Tales of the Climbers' Campground


In the late 1950s the planners at Grand Teton Park , reacting to numerous complaints from families camping at Jenny Lake, created a new and isolated campground in an effort to segregate normal humans from the more primal variety of the species devoted to climbing. In the forest at the northern edge of Lupine Meadows a single dirt road was laid, winding among the trees and looping around a clearing containing picnic tables, a water source, and a two-hole outhouse. There was also a small and extinct boiler building made of concrete and a nearby fifteen foot square cement pad, whose function was lost in antiquity but had some purpose in the old CCC Camp that had been there years before. A stay-limit was established and modestly enforced by patrolling rangers.

Thus effectively removed from the civilizing restraints of the larger moral community climbers instantly mistook freedom for license and began a long but entertaining slide into depravity that nine years later resulted in the Park Service "disappearing" the failed project.

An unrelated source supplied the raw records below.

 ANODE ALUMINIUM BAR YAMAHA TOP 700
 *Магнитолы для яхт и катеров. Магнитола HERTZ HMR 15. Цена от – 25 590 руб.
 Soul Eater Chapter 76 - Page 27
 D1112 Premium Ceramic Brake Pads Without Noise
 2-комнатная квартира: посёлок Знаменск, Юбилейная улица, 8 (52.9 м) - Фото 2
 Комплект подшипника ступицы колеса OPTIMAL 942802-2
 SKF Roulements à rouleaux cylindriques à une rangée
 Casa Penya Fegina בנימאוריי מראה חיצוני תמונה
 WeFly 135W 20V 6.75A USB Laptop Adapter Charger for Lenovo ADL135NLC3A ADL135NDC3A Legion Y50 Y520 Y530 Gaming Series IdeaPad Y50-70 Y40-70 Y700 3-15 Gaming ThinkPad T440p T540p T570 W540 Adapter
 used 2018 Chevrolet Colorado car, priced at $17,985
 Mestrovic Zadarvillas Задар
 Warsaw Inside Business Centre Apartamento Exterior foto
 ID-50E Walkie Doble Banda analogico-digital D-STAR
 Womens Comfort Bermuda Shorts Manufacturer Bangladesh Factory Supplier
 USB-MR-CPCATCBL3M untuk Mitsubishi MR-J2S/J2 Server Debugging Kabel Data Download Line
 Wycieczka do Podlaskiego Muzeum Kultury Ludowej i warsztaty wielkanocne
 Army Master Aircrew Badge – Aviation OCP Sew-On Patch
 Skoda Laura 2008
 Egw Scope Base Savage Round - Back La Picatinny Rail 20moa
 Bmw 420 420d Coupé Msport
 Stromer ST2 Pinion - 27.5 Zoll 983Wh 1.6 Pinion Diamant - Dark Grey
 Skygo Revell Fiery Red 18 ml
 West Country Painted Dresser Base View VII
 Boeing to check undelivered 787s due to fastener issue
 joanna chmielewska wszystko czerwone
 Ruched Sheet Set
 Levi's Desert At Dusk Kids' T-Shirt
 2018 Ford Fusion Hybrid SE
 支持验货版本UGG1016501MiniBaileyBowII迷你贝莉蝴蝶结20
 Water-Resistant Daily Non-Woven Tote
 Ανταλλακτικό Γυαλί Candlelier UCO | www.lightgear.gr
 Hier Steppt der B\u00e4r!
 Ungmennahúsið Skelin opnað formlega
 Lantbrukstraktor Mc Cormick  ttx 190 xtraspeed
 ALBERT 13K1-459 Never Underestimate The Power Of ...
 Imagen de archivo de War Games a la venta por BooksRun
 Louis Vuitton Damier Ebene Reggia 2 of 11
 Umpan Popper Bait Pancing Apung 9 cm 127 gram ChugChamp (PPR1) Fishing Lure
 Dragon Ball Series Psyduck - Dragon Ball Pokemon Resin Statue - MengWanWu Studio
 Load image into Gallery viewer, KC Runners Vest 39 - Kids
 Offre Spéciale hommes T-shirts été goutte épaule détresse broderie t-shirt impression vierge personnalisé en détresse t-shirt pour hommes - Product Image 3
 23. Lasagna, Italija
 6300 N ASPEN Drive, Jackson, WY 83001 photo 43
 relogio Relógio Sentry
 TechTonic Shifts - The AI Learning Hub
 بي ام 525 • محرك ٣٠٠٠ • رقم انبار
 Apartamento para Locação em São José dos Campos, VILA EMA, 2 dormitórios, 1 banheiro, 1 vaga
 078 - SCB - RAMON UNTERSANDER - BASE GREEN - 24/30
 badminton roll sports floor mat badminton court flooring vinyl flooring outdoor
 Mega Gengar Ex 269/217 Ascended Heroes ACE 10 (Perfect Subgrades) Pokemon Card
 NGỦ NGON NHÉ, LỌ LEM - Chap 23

Now, if you know where to look, you can find the mysterious cement slab, cracked and overgrown among trees planted in 1967 that today look entirely native, indistinguishable from the surrounding woods. Virtually nothing else is identifiable, save for a few boulders that we practiced no-hands climbs on forty years ago. I still see Fred Beckey, Lou Lutz, Yvon Chouinard and Bob Kamps and I waiting our turns to peel off the slick pegmatite. Other images arise, as well . . .

In the evening I would walk over the small moraine behind the blockhouse and take a forbidden plunge in the cold waters of Jenny Lake.  Swimming was not allowed in any of the numerous lakes dotting the forested landscape immediately below the abrupt mountains, save for String Lake - a shallow, ice-cold pond, crystal clear with sandy beaches. I once met the actor Nehemiah Persoff  there as he and his children took time off from filming a Rosalind Russell movie. Jenny Lake was cold and clear, but quite deep and also a source of potable water for the campgrounds. Many years later the swimming restriction was lifted, as was the onerous ban on soloing in the Park. When coming down from a climb in Cascade Canyon I would stoop down on the boat dock and scoop up a cup of drinking water. I wouldn't advise it these days.  Actually, I lost my inclination to do so when I saw a character called "pig-pen" (I called him "Piltdown") , who never washed, take off his socks and rinse them out while waiting for the boat ride across the lake. This incident, and many, many others are described in an excellent and  lengthy essay on the Teton climbing scene in those times by Pete Sinclair in his book: "We Aspired: The Last Innocent Americans".


The party scene, which grew to disastrous proportions eventually, began with innocent teepee parties hosted by a former president of the American Alpine Club and lawyer, Orrin Bonney, and his wife. From the chill of the evening we would crawl into a large teepee that had a small fire at its center, above which was perched a large pot containing water, tea, frozen raspberries, and wine. With enough people crowded along the interior circumference of the tent, the envelope of temperature would soar to almost unbearable heights while stories were told or songs were sung. I remember exiting the teepee to relieve myself and gasping in the welcome frigid mountain air under a canopy of brilliant stars in a deep black velvet sky.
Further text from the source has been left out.